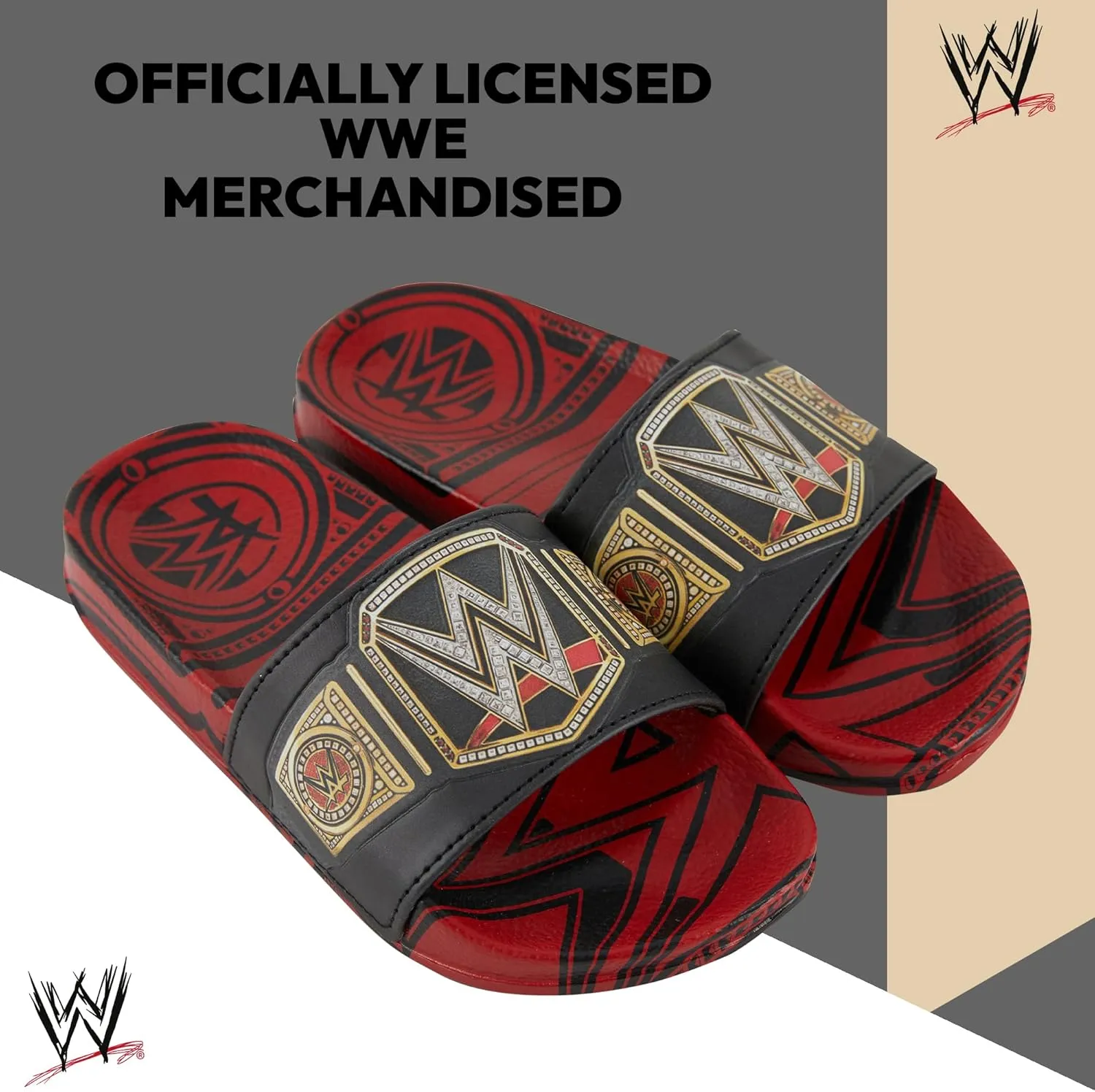 WWE Boys Championship Belt Slides - John Cena, Roman Reigns, Seth Rollins World Wrestling Champion Belt Slip On Slide Sandals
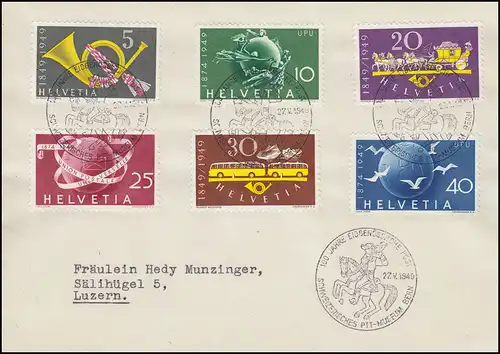 Suisse 519-521 Eidverband Post et 522-524 UPU sur-Lettre SSt BERN 27.5.49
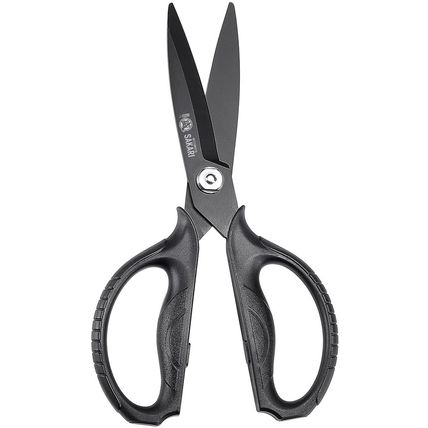 MITSUMOTO SAKARI Japanese Kitchen Scissors, All Purpose, Black Titanium Plated H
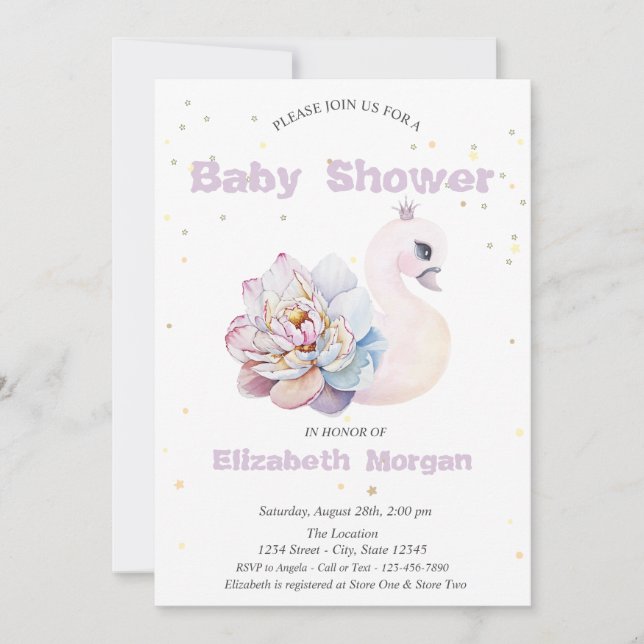 Älsklig svan stjärnor blommor baby shower inbjudningar (Framsida)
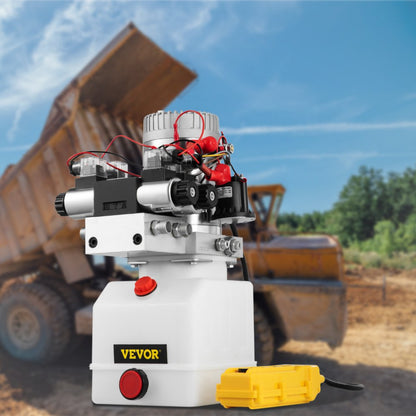 010892368957 - 4.5 Quart Double Acting Hydraulic Pump with 12V Motor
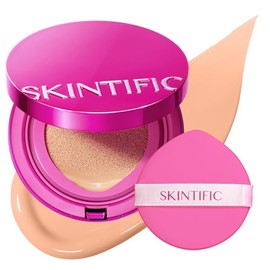SKINTIFIC Base de Maquillaje Cushion de Alta Cobertura y Acabado Glow - Maquillaje Long-Lasting Hidratante con Péptidos y Ácido Hialurónico - Efecto Sin Poros y Protección Anti-Oxidación(03 Petal)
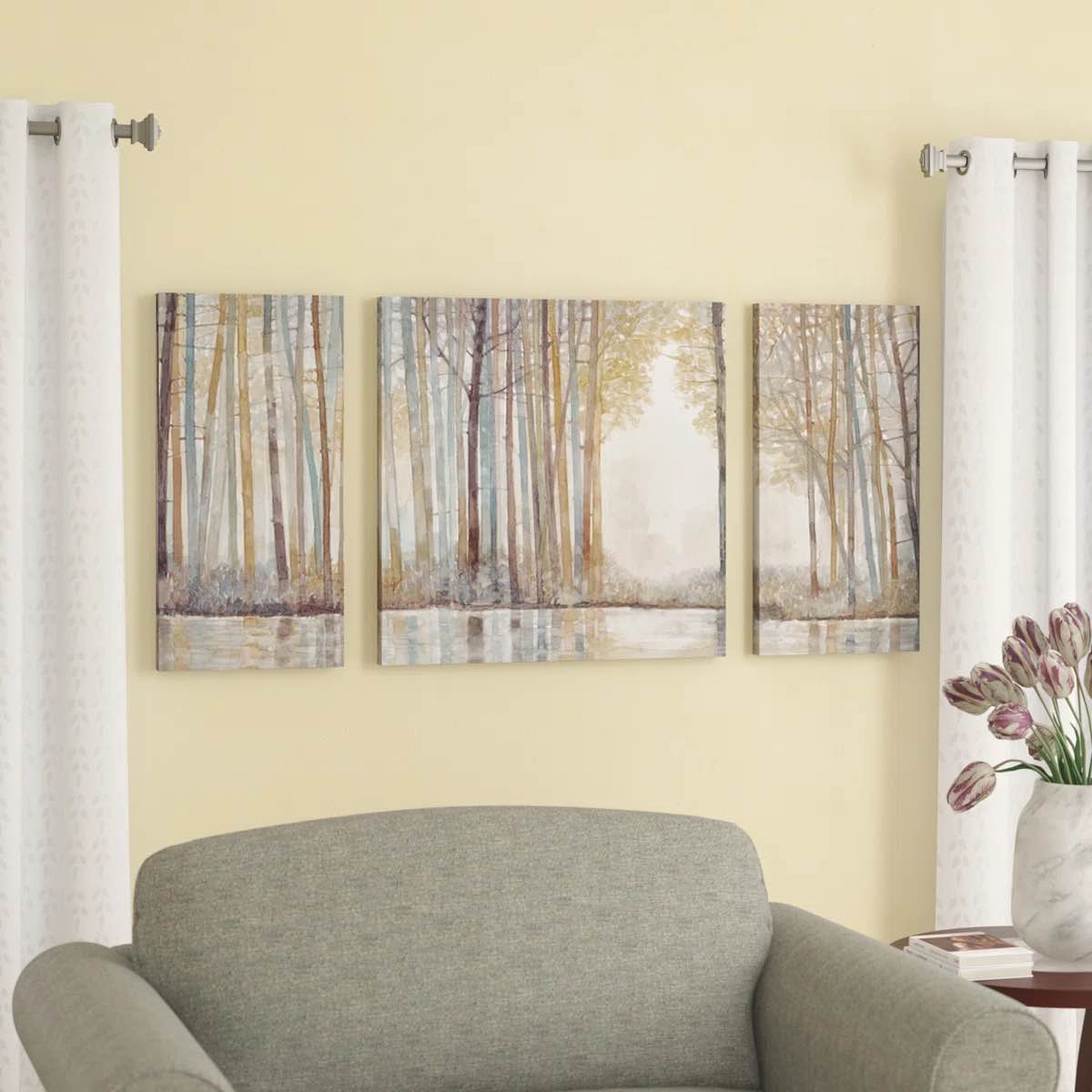 forest reflections triptych 3-piece canvas wall art set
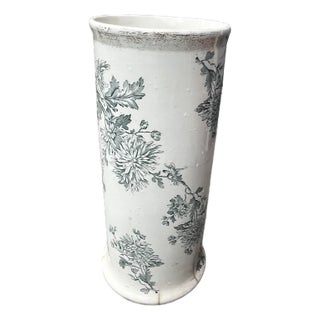 Early 1900s Maddocks Lamberton Works Royal Porcelain Umbrella Cane Stand - Green Floral Motif For Sale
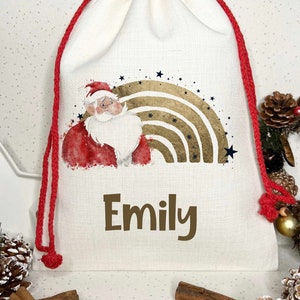 Personalised santa sack with santa and a rainbow Reusable burlap bag Christmas eve sack Drawstring heavyweight reuse customised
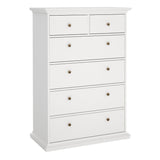 Wooden Chest Of 6 Drawers Tall - Paris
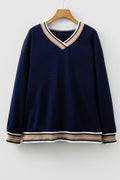 Varsity Contrast Stripe Trim V-Neck Sweatshirt - Rooted & Reckless Co.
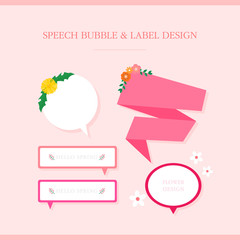 speech bubble and label design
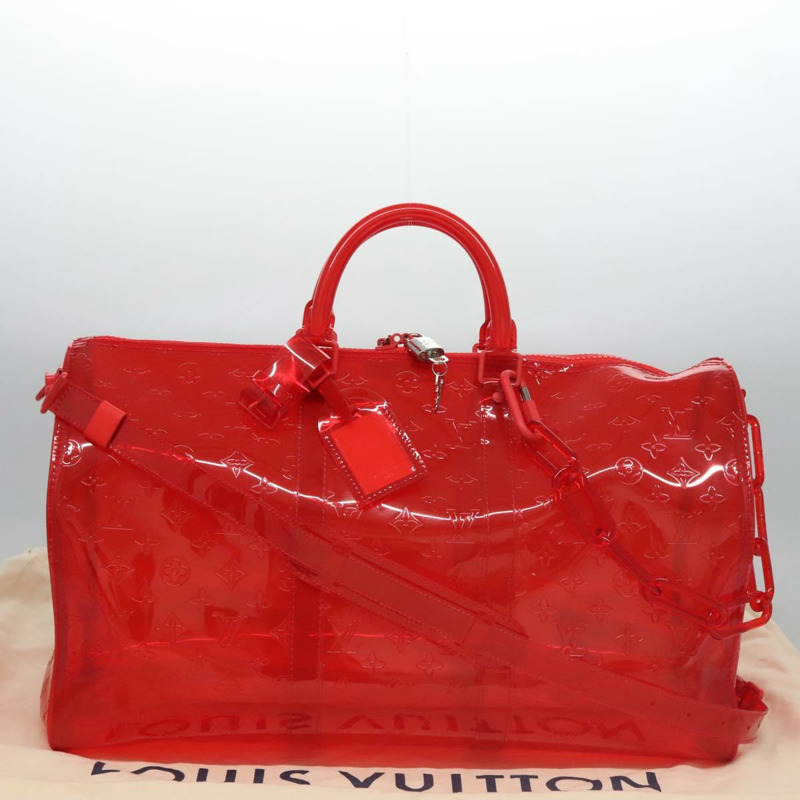 【日本直送】路易威登 Monogram Vinyl Keepall Bandouliere 50 旅行包 紅色 M41416 正品 ec591SAM-11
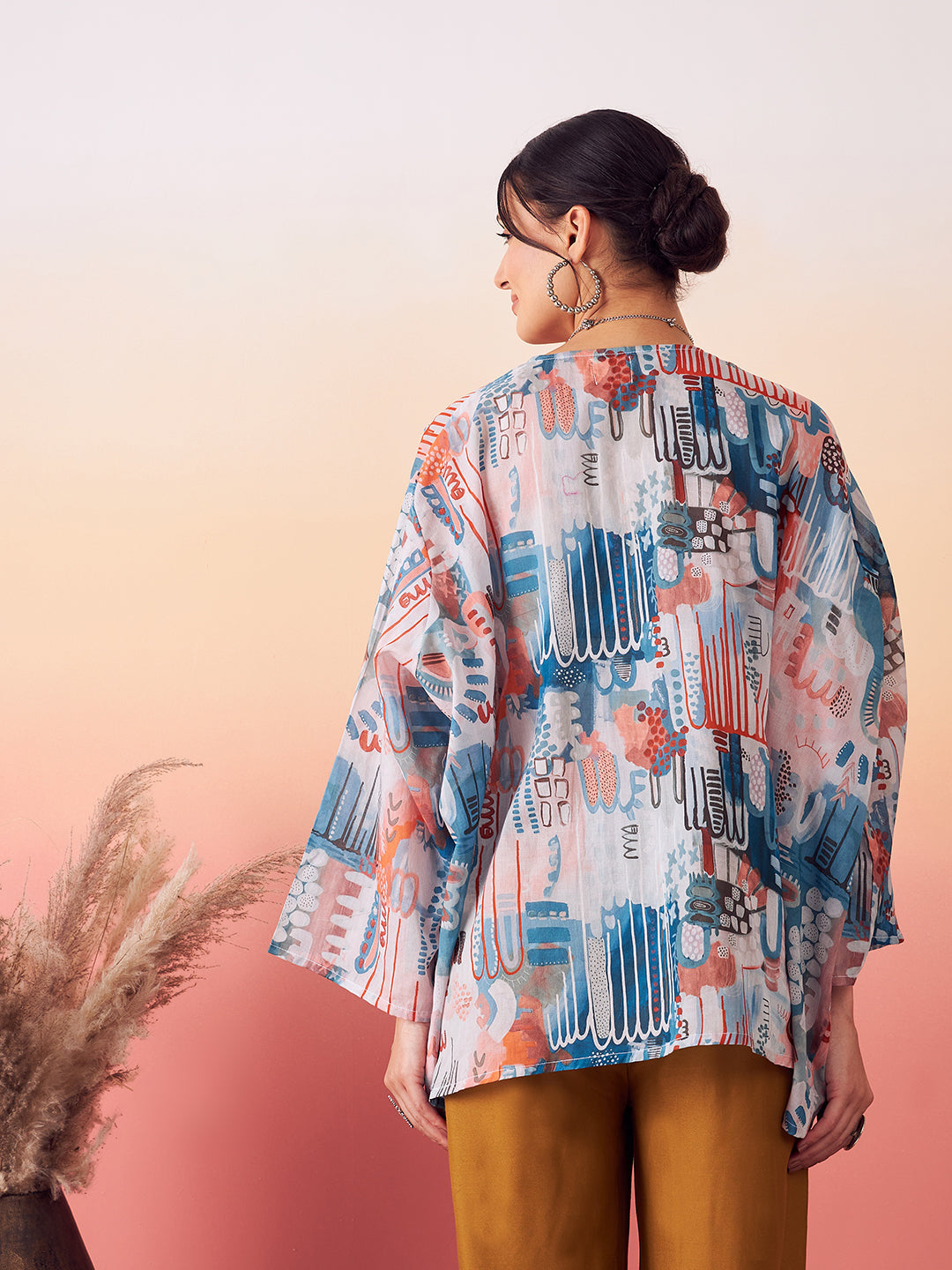 InWeave Women's Powder Blue Digital Print Kaftan Boho Top 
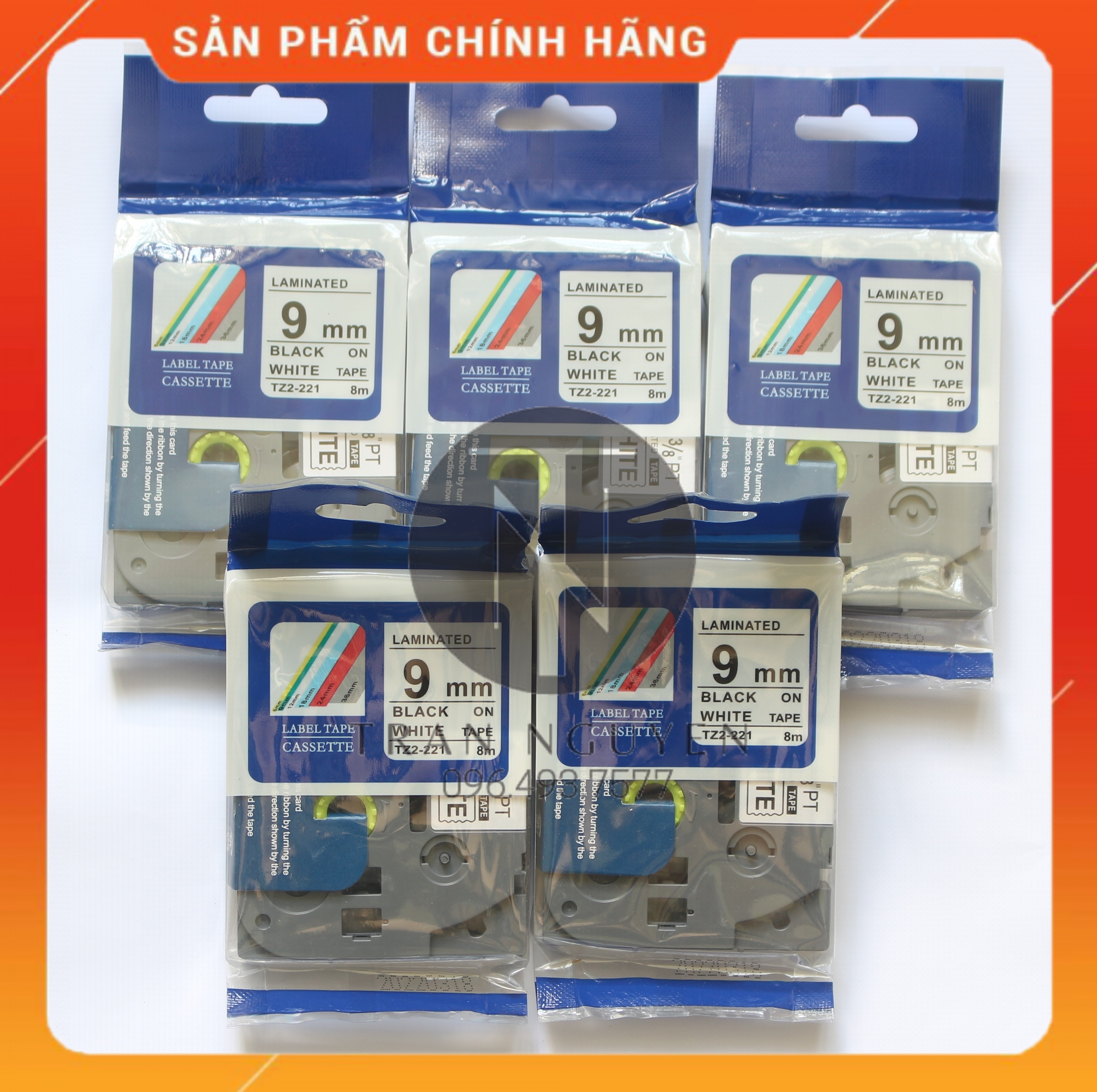 [ Combo 05 cuộn] Nhãn TZ2-221 tiêu chuẩn - Chữ đen trên nền trắng 9mm - Hàng nhập khẩu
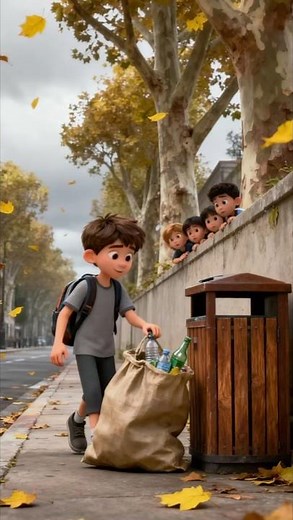 How do classmates pick up bottles to sell? #cartoon #animation #2d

======

What to produce: Go through the listing above and retype each line exactly, apart from the pictures.

Written response:
 WWE Boys Championship Belt Slides - John Cena, Roman Reigns, Seth Rollins World Wrestling Champion Belt Slip On Slide Sandals
 Suisse 519-521 Eidverband Post et 522-524 UPU sur-Lettre SSt BERN 27.5.49
 MITSUMOTO SAKARI Japanese Kitchen Scissors, All Purpose, Black Titanium Plated H
 Älsklig svan stjärnor blommor baby shower inbjudningar (Framsida)
 010892368957 - 4.5 Quart Double Acting Hydraulic Pump with 12V Motor
SKINTIFIC Base de Maquillaje Cushion de Alta Cobertura y Acabado Glow - Maquillaje Long-Lasting Hidratante con Péptidos y Ácido Hialurónico - Efecto Sin Poros y Protección Anti-Oxidación(03 Petal)
 forest reflections triptych 3-piece canvas wall art set
 Early 1900s Maddocks Lamberton Works Royal Porcelain Umbrella Cane Stand - Green Floral Motif For Sale
 Personalised santa sack with santa and a rainbow Reusable burlap bag Christmas eve sack Drawstring heavyweight reuse customised
 Wooden Chest Of 6 Drawers Tall - Paris
 Varsity Contrast Stripe Trim V-Neck Sweatshirt - Rooted & Reckless Co.
 speech bubble and label design
 【日本直送】路易威登 Monogram Vinyl Keepall Bandouliere 50 旅行包 紅色 M41416 正品 ec591SAM-11
 InWeave Women's Powder Blue Digital Print Kaftan Boho Top 
 [ Combo 05 cuộn] Nhãn TZ2-221 tiêu chuẩn - Chữ đen trên nền trắng 9mm - Hàng nhập khẩu
 How do classmates pick up bottles to sell? #cartoon #animation #2d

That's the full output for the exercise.